Reducing the complexity of the sample prior to loading on a 2-D gel can dramatically improve the range of detection and increase the visibility of minor proteins. Techniques such as differential extraction, subcellular fractionation, chromatography, or prefocusing in a preparative IEF device such as Bio-Rad's Rotofor® system have been used to reduce the complexity of samples. This section describes fractionation and depletion techniques and provides a list of Bio-Rad products that can be used in these techniques.
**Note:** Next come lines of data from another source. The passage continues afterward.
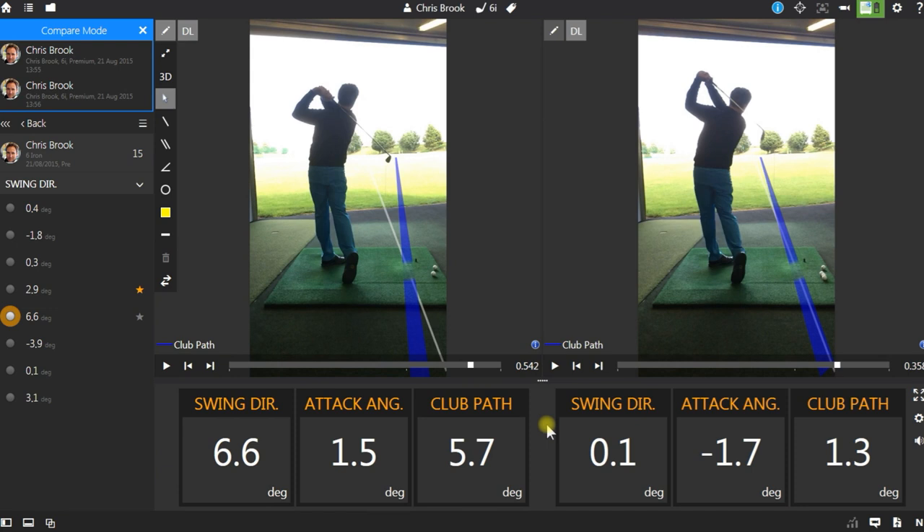So take for example these two shots. Can you see how different the club paths are due to the varying swing directions, and the effect it has over the attack angle, which then produces the club path.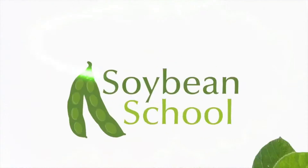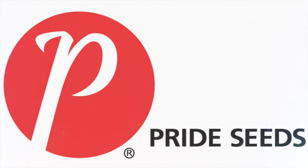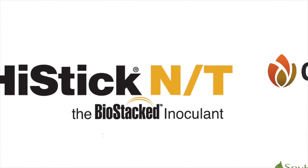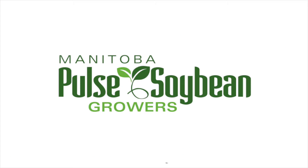The Soybean School on RealAgriculture.com is brought to you by Pride Seeds, Cruiser Max Vibrance Beans, High Stick NT, and the Manitoba Pulse and Soybean Growers.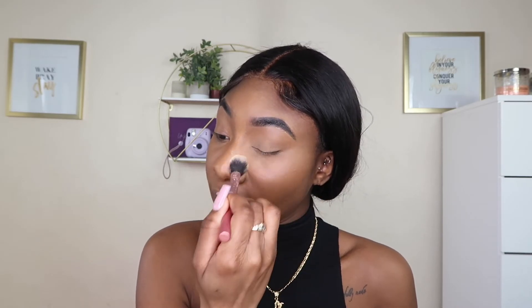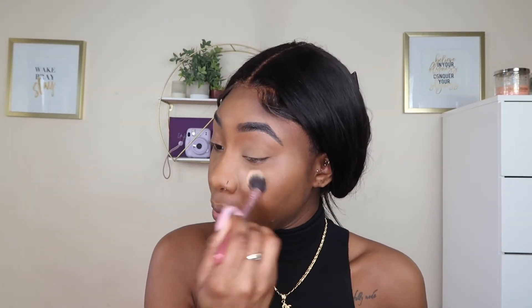Now I'm going in with my Laura Mercier setting powder in translucent and translucent honey. I take this Real Techniques setting brush, dab it into the powder, shake it off, and tap it onto my face — we're not baking, just tapping it in. Then I take a flat brush and go over everywhere I added powder to remove any excess.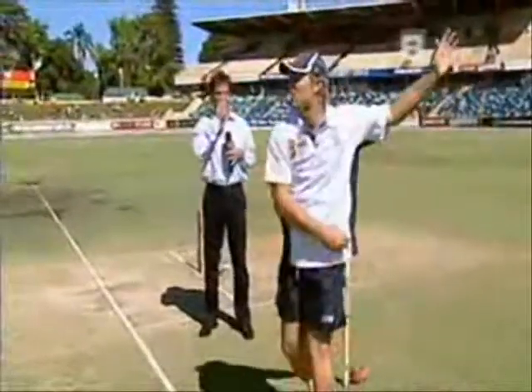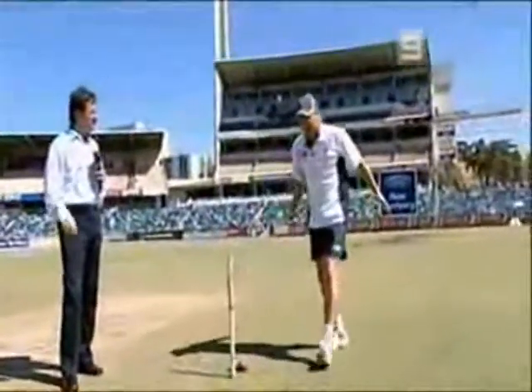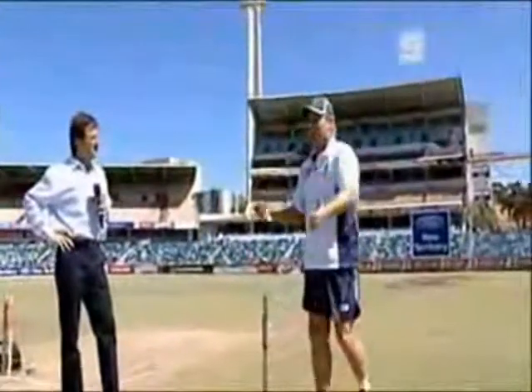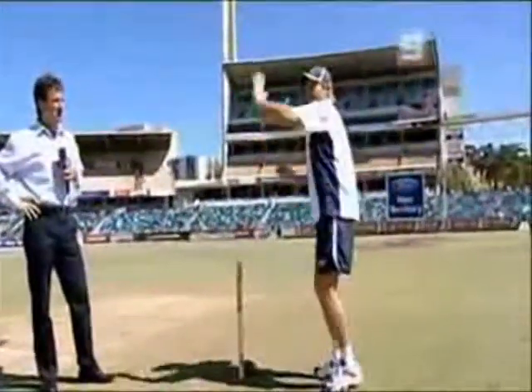There's no point bowling the ball and stopping here. With your follow-through and your momentum from your run-up, when you've actually released the ball, it's just like any other fast bowler, any other bowler — you must make sure you follow through, and that's where your hips and everything else drive.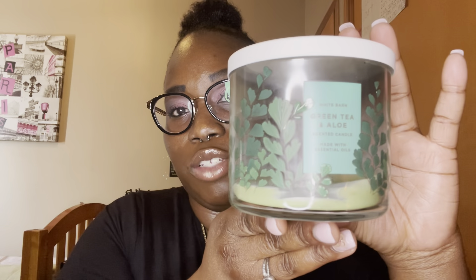The first candle I'm going to show you guys is green tea and aloe. I just put a random lid on top of it. This is the candle I burned every day when I got off work — I burned it for at least an hour or two and it smelled up the whole room. The notes are green tea leaves, refreshing aloe, and white sage. It's so calming — it made my wind-down at the end of the night that much better. I will definitely get it again.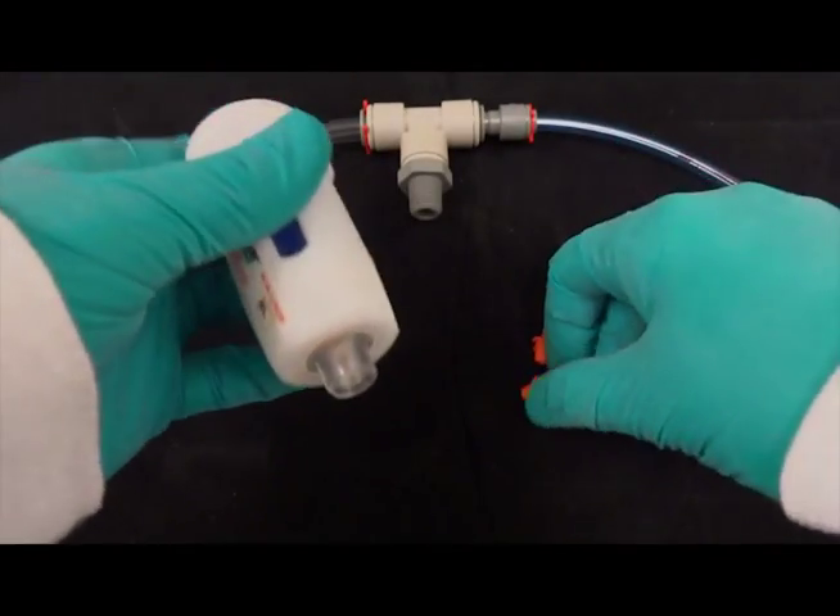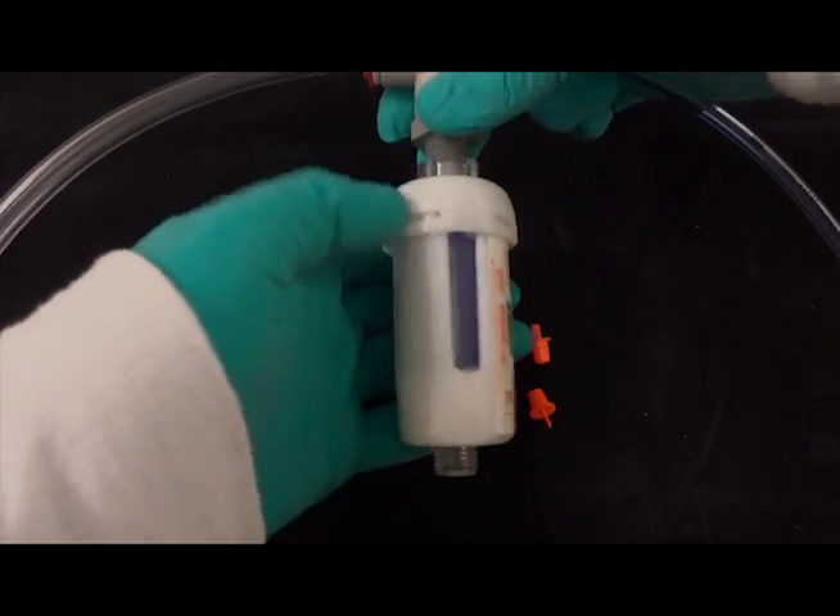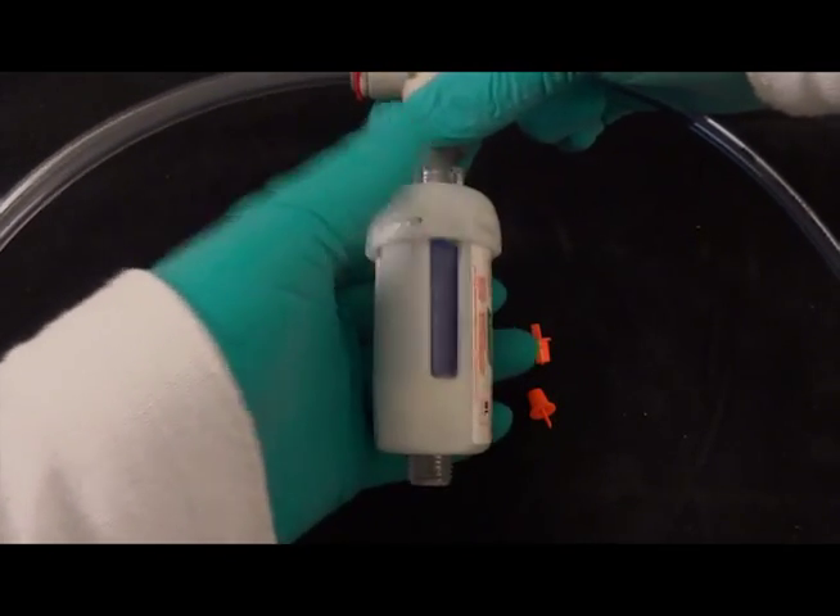The top of the drying filter connects to the supplied T-tubing adapter. Screw the drying filter onto the empty port of this adapter.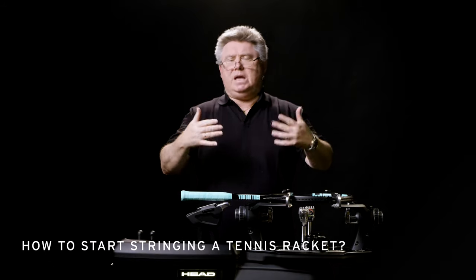There are two main ways of starting to string a racket — specifically the mains. Both methods, using the starting block or the standard clamp with a starting clamp behind it, are actually shown in a video I've done on head.com.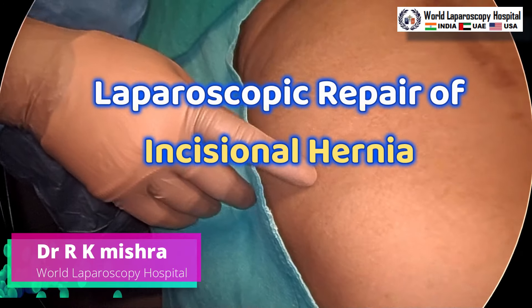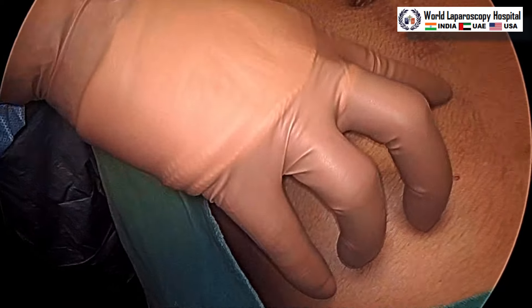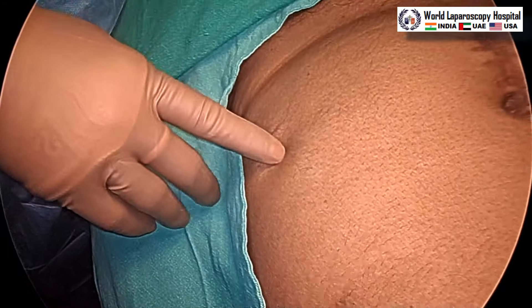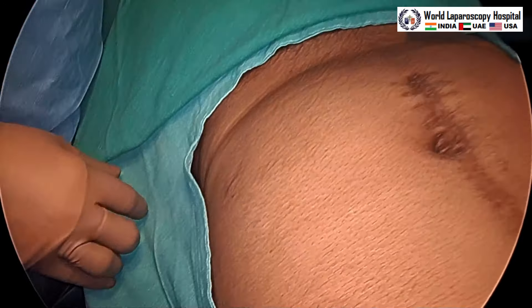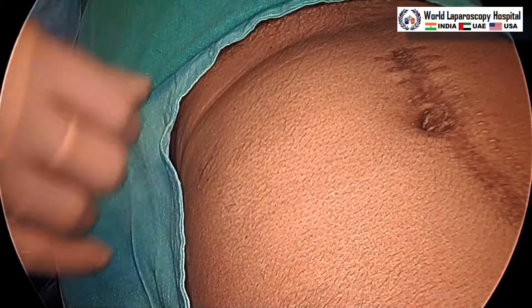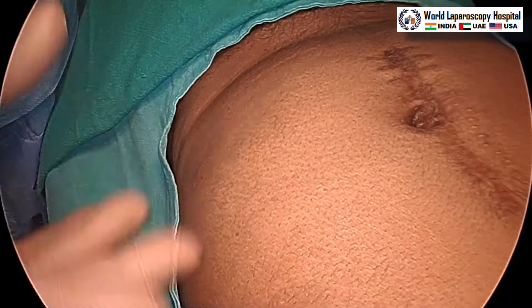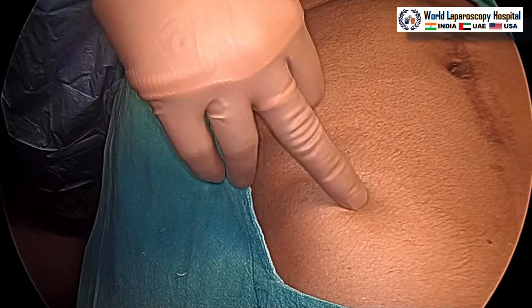Hello friends. Palmer's point is used for this patient to perform diagnostic laparoscopy a few years ago. After that, the patient developed obstruction and laparotomy was performed with a midline incision, then some infection happened, and later an incisional hernia developed. This is a Swiss cheese incisional hernia.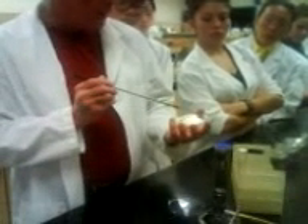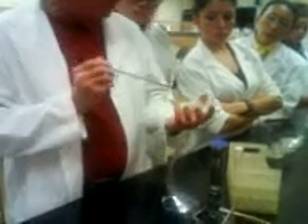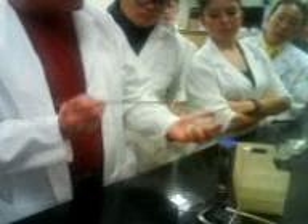In any regard, you've got your inoculum, then you're going to begin your streaking. You're going to start at a shallow angle with the loop flat on the media, and you're just going to carry out your streaks like this. They may not be as straight as I've drawn on the boards — it just depends. You have to pull the plate at an angle to the light so you can see where you're streaking.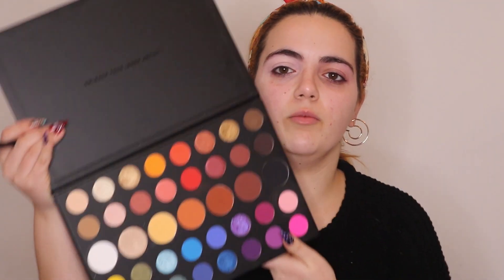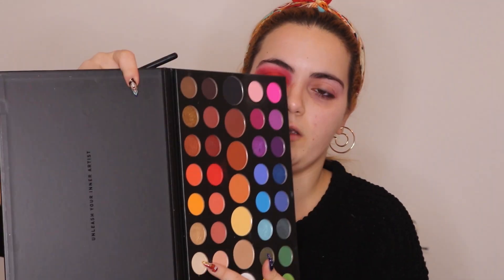I'm gonna do this one red and the other one pink. I'm gonna take the red shade from the Morphe palette and just pack it in my eye. Then I'm gonna take a palette brush, take the same red, and just blend those edges. I'm gonna go again with the red and pack it in again.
Related Topics: Protein Solubilization and Protein Extraction and Cleanup.

Fractionation and Depletion of Proteins

Below is a graphic representation to illustrate the difference between fractionation and depletion methods to enrich specific types of proteins. Fractionation reduces the complexity of a protein sample by separating proteins in different classes based on biophysical properties of the proteins (size, charge, cellular location, solubility etc.). Depletion reduces the complexity of the sample by removing abundant proteins and thereby increasing the representation of the less abundant ones.

Differences between fractionation and depletion methods.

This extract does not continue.